▶ Data extract
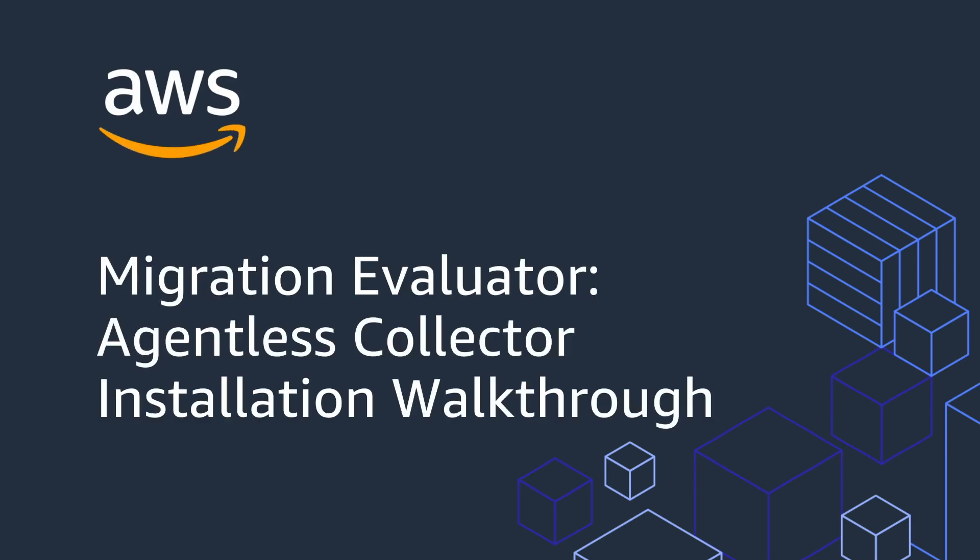Today we are going to walk you through the process of installing the complimentary tooling used to collect the on-premises inventory and utilization for your business case to AWS with Migration Evaluator.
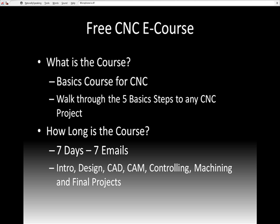What is this CNC e-course? It's really a basics course about CNC. You'll walk through those different steps — there are five of them that happen in any single CNC project. The course is seven days and seven different emails. There's an introduction, design, CAD, CAM, controlling, and machining. Then right at the end there are some final projects, which gives you a look at the output of CNC and what you can expect in the future.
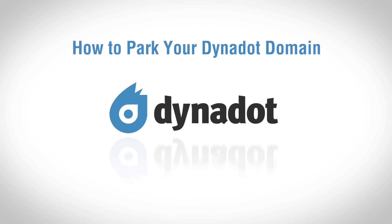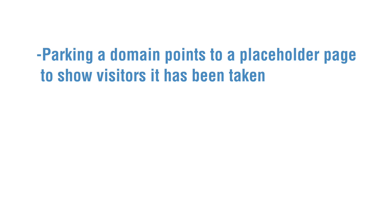In this video, we'll go over how to park your Dynadot domain. When you park a domain name, it will point to a placeholder web page which tells visitors that the domain has already been taken.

▶ Work item
Word for word, return the listing above; the pictures do not belong in the copy.

▶ Written reply
Today we are going to walk you through the process of installing the complimentary tooling used to collect the on-premises inventory and utilization for your business case to AWS with Migration Evaluator.
What is this CNC e-course? It's really a basics course about CNC. You'll walk through those different steps — there are five of them that happen in any single CNC project. The course is seven days and seven different emails. There's an introduction, design, CAD, CAM, controlling, and machining. Then right at the end there are some final projects, which gives you a look at the output of CNC and what you can expect in the future.
In this video, we'll go over how to park your Dynadot domain. When you park a domain name, it will point to a placeholder web page which tells visitors that the domain has already been taken.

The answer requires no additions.